_Directions for this task_: The whole listing below should be duplicated exactly, with nothing left out.
※
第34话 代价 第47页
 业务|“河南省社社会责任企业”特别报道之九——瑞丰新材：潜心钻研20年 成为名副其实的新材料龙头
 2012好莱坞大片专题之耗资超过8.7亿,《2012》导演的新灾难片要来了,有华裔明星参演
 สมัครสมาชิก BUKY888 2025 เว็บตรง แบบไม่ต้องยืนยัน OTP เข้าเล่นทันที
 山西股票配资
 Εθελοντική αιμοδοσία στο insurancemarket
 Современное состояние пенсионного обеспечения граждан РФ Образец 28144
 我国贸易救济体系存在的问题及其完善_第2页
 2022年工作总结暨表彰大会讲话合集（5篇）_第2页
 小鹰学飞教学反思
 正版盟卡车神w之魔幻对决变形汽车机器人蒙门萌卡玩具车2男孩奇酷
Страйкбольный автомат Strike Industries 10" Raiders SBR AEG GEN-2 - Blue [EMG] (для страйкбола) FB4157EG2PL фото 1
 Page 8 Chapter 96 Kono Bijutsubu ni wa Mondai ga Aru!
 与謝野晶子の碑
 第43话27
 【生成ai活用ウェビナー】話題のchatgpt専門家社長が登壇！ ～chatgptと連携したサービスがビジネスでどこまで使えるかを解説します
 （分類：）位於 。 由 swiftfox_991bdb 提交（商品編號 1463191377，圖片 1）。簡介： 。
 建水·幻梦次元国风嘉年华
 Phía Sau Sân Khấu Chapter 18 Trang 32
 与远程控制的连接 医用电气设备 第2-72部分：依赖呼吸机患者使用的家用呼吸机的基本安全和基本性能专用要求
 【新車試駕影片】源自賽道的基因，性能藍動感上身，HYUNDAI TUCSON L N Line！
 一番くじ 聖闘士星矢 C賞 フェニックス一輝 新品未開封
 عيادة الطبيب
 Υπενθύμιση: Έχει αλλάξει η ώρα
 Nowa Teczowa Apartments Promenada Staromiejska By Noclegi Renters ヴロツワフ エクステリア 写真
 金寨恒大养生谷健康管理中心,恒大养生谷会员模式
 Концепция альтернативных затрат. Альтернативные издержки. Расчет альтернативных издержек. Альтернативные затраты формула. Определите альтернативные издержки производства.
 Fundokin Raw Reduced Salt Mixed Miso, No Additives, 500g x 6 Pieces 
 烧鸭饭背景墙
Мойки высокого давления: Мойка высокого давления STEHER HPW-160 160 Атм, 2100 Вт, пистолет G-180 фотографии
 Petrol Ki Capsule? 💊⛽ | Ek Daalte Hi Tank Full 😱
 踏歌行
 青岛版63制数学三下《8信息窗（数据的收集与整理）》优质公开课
※
_Result of this exercise_:
第34话 代价 第47页
 业务|“河南省社社会责任企业”特别报道之九——瑞丰新材：潜心钻研20年 成为名副其实的新材料龙头
 2012好莱坞大片专题之耗资超过8.7亿,《2012》导演的新灾难片要来了,有华裔明星参演
 สมัครสมาชิก BUKY888 2025 เว็บตรง แบบไม่ต้องยืนยัน OTP เข้าเล่นทันที
 山西股票配资
 Εθελοντική αιμοδοσία στο insurancemarket
 Современное состояние пенсионного обеспечения граждан РФ Образец 28144
 我国贸易救济体系存在的问题及其完善_第2页
 2022年工作总结暨表彰大会讲话合集（5篇）_第2页
 小鹰学飞教学反思
 正版盟卡车神w之魔幻对决变形汽车机器人蒙门萌卡玩具车2男孩奇酷
Страйкбольный автомат Strike Industries 10" Raiders SBR AEG GEN-2 - Blue [EMG] (для страйкбола) FB4157EG2PL фото 1
 Page 8 Chapter 96 Kono Bijutsubu ni wa Mondai ga Aru!
 与謝野晶子の碑
 第43话27
 【生成ai活用ウェビナー】話題のchatgpt専門家社長が登壇！ ～chatgptと連携したサービスがビジネスでどこまで使えるかを解説します
 （分類：）位於 。 由 swiftfox_991bdb 提交（商品編號 1463191377，圖片 1）。簡介： 。
 建水·幻梦次元国风嘉年华
 Phía Sau Sân Khấu Chapter 18 Trang 32
 与远程控制的连接 医用电气设备 第2-72部分：依赖呼吸机患者使用的家用呼吸机的基本安全和基本性能专用要求
 【新車試駕影片】源自賽道的基因，性能藍動感上身，HYUNDAI TUCSON L N Line！
 一番くじ 聖闘士星矢 C賞 フェニックス一輝 新品未開封
 عيادة الطبيب
 Υπενθύμιση: Έχει αλλάξει η ώρα
 Nowa Teczowa Apartments Promenada Staromiejska By Noclegi Renters ヴロツワフ エクステリア 写真
 金寨恒大养生谷健康管理中心,恒大养生谷会员模式
 Концепция альтернативных затрат. Альтернативные издержки. Расчет альтернативных издержек. Альтернативные затраты формула. Определите альтернативные издержки производства.
 Fundokin Raw Reduced Salt Mixed Miso, No Additives, 500g x 6 Pieces 
 烧鸭饭背景墙
Мойки высокого давления: Мойка высокого давления STEHER HPW-160 160 Атм, 2100 Вт, пистолет G-180 фотографии
 Petrol Ki Capsule? 💊⛽ | Ek Daalte Hi Tank Full 😱
 踏歌行
 青岛版63制数学三下《8信息窗（数据的收集与整理）》优质公开课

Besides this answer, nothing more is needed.